Geforce 9800 GTX
The Geforce 9800 GTX is a beast in the graphics card arena. It boasts a core clock speed of 675 MHz, memory clock speed of 1100 MHz, and a shader clock speed of 1688 MHz. The 9800 GTX also has 512MB of GDDR3 memory with a 256-bit interface. It also contains 128 cores that are running at a record high of 1688 MHz. This is Nvidia’s most powerful GeForce 9800 graphics card to date. You can even put the Nvidia GeForce 9800 GTX in a dual SLI configuration for up to as 2x boost in performance, and if that’s not enough you can triple it up with a 3-way SLI configuration to get up to a 2.8x boost in graphics card performance.

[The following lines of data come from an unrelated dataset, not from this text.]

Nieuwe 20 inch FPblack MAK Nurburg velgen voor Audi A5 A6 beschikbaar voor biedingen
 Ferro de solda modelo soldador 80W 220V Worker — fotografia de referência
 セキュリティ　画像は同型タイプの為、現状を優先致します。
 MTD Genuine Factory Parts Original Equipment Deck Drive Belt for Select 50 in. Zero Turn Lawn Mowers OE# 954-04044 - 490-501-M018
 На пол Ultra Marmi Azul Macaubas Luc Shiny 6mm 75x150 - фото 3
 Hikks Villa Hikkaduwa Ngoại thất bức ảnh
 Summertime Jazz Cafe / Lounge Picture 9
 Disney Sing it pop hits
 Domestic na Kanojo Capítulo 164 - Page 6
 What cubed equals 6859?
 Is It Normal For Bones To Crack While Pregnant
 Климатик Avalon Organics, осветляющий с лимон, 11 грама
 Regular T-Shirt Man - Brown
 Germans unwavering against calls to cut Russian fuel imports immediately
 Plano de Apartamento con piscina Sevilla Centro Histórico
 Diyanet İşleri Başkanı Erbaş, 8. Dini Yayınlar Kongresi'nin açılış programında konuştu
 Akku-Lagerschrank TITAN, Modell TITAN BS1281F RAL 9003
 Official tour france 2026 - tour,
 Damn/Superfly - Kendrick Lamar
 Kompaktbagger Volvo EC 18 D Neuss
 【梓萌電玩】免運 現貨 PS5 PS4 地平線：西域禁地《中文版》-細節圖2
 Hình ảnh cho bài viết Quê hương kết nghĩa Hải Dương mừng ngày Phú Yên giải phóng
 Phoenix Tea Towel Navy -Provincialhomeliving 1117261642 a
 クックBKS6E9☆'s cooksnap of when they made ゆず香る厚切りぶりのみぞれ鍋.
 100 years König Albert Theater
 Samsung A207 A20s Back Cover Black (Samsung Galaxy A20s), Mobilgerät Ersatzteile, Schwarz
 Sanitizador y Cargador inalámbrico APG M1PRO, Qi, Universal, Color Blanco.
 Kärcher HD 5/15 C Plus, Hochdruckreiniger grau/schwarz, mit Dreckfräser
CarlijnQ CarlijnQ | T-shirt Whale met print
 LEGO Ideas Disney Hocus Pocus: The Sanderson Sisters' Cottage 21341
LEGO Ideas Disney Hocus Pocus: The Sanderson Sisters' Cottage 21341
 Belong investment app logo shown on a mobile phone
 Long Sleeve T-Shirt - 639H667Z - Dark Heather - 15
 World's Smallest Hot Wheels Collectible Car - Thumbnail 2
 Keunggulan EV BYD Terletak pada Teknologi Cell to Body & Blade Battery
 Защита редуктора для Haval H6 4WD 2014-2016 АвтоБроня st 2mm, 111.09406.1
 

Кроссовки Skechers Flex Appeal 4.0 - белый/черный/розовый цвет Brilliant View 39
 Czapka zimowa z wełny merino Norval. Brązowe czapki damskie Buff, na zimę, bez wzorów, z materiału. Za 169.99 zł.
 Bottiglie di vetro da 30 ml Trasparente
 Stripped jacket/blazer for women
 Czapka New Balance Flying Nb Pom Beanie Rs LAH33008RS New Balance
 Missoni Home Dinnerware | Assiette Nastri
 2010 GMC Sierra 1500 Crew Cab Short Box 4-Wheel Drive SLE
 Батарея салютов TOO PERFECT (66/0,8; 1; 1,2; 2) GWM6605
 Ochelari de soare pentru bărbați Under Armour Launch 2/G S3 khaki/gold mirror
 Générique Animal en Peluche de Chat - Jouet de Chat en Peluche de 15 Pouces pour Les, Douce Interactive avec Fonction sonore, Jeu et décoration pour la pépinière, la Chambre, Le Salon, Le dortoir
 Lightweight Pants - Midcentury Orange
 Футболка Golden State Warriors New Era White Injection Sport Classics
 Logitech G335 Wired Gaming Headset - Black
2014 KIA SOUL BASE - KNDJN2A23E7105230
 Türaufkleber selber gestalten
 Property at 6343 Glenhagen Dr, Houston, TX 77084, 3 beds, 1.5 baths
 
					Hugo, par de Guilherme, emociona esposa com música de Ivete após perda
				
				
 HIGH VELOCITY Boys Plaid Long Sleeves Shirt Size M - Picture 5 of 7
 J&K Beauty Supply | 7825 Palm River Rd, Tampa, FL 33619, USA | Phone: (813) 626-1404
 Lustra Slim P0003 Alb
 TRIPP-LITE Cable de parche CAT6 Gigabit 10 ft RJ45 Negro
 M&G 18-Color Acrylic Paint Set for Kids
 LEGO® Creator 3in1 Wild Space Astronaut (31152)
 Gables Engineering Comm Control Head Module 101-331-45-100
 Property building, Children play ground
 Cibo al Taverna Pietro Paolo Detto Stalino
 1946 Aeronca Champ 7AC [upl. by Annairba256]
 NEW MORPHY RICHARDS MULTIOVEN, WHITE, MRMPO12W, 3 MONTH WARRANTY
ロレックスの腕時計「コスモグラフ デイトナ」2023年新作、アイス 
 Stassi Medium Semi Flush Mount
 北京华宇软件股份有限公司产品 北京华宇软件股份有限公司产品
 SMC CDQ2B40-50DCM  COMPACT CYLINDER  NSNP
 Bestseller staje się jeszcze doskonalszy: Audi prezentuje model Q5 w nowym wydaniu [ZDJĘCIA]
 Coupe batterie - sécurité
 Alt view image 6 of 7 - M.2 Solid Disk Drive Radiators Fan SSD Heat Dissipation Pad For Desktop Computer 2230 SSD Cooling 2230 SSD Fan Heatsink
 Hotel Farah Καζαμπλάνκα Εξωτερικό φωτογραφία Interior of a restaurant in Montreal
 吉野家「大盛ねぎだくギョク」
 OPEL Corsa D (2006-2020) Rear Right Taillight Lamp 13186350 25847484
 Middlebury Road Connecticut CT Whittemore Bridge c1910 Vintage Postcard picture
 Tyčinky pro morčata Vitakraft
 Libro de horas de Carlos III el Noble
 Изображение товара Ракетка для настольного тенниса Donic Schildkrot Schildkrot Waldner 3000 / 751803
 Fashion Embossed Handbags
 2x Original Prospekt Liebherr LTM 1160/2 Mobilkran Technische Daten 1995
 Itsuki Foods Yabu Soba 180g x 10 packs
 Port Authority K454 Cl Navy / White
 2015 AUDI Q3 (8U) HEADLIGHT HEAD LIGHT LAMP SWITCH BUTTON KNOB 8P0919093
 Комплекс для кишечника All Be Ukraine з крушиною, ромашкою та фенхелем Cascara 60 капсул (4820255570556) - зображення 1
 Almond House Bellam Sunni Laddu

Over at HotHardware.com they put the Geforce 9800 GTX to the test with a GTX round-up featuring the BFG, EVGA, and Zogis versions of the 9800 GTX GPU, since they are all very similiar they were mainly comparing the GeForce 9800 GTX to its predecessors and it’s competitors as a whole. This statement sums up their testing:

“Performance Summary: Considering all we knew of the GeForce 9800 GTX going into this article, its performance was right in-line with our expectations. The GeForce 9800 GTX is marginally more powerful than the GeForce 8800 GTS 512MB and was faster than the GTS in every game we tested to some degree. The new GeForce 9800 GTX was also faster than the older GeForce 8800 GTX most of the time, but the battle was very close in UT3 and the 8800 GTX pulled ahead in ET: Quake Wars. And the dual-GPU powered Radeon HD 38070 X2 and GeForce 9800 GTX traded victories in our tests, but the X2 was the faster card more often than not. Traditional two card and 3-way GeForce 9800 GTX SLI configurations also showed good scaling in the games we used for testing, typically finishing at, or near the top of the charts.”

The Nvidia GeForce 9800 GTX is the fastest single-GPU card, offers PureVideo HD, provides good power consumption along with hybrid power support, and a quiet cooler all for a competitive price.